Lexer¶
CookCC Lexer has the following features.
Lexer Table Format¶
CookCC supports DFA tables for 8-bit and 16-bit characters. 16-bit character tables are intended for unicode support. Currently, the following table formats are supported.
Format | Description |
---|---|
full |
A full table. Very memory intensive. |
ecs |
A much smaller table using equivalent classes. |
compressed |
An even smaller table in most cases at some performance cost. |
Line Mode¶
Added in 0.4+.
This mode is mostly for interactive mode scanning where \n
immediately triggers the current longest pattern to be matched. It is
very similar to matching <<EOF>>
character where \n
must be
consumed in the current line.
Multi-line patterns will not work in this mode.
In this mode, the lexer will not block and read the character on the next line before fully processing the patterns on the existing line.
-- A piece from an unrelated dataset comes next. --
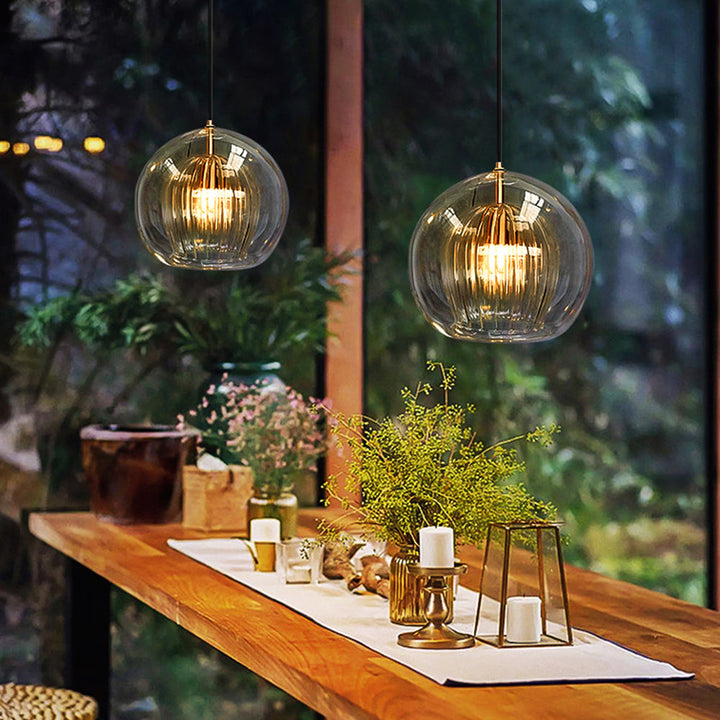 Clear glass globe pendant light, a modern ceiling lamp for stylish bedroom or dining areas.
Thus, it is perfectly suitable for interactive procesing.
There is a slight performance hit due to one extra comparison per character, but usually it is not an issue in interactive mode.
Trail Context¶
CookCC at present only handles either fixed head (e.g., abc/xyz
or
abc/x*z
) or tail (e.g., a.*b/xyz
) trail contexts.
CookCC Warnings¶
CookCC generates warnings in the following cases.
- patterns that cause backup,
- patterns that were never reached,
- states that have incomplete patterns, or
- having multi-line patterns in line mode.
Backup¶
This situation happens when a pattern proceeds to match a relatively long string without intermediate states that are acceptable.
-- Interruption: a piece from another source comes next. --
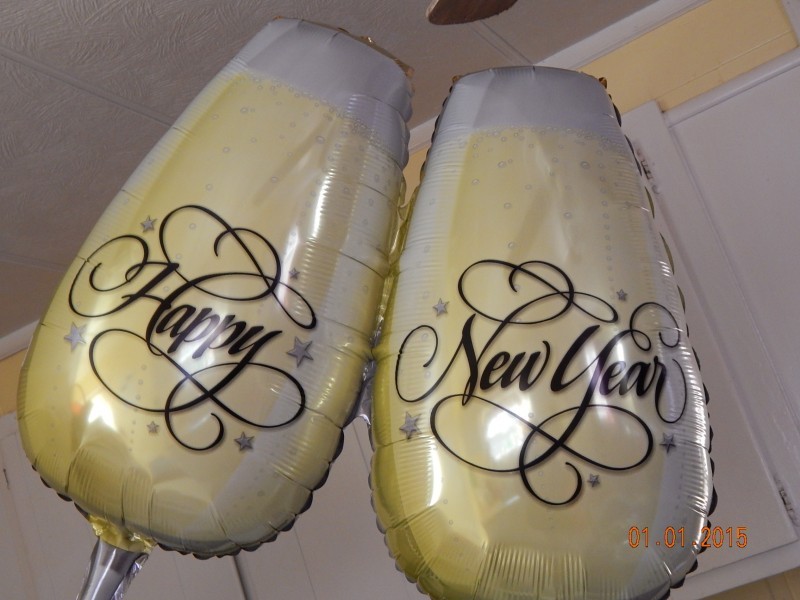 cheers glasses as new years balloons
You can take a look at a simple example that cause such a problem.
Backups can cause slight performance degradations, depending the target language. For Java, the difference is not so noticeable.
Incomplete States¶
This situation happens when patterns concerning part of the character sets have been specified. By default, CookCC internally add states that simply dumps the characters not matched by the user patterns to the standard output.
One way to avoid such warning is by adding a pattern .|\n
as the
last pattern for the state. This is in fact the way internally CookCC
does. However, it then runs into the potential problem of having
patterns that can never be matched.
CookCC also requires user to specify <<EOF>>
conditions for all
states, just in case of an unexpected end of file. For example, you are
probably not expecting an EOF when parsing a block comment. If not
specified, the default action is to exit from lexer with a value of 0.
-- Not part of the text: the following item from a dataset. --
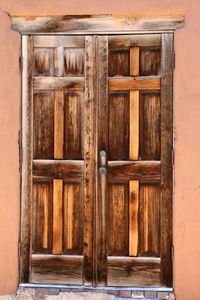 Close-up of closed wooden door of building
Here are some examples that cause such a problem.
TODO List¶
The following features are yet to be implemented. These features are difficult to implement and I do not have any experiences using them, so they are quite low in the priority list.
Feature | Description |
---|---|
yyMore | Make the current string available for the next time. |
REJECT | Reject a token and go to the next available accept case. |
Variable trail context | Both the head and tail are variable length. |
Marked sub-expression | Perl-like matching that automatically extract sub-expressions as well. |
Some of them can be worked around by utilizing Java’s Pattern class to perform the secondary match.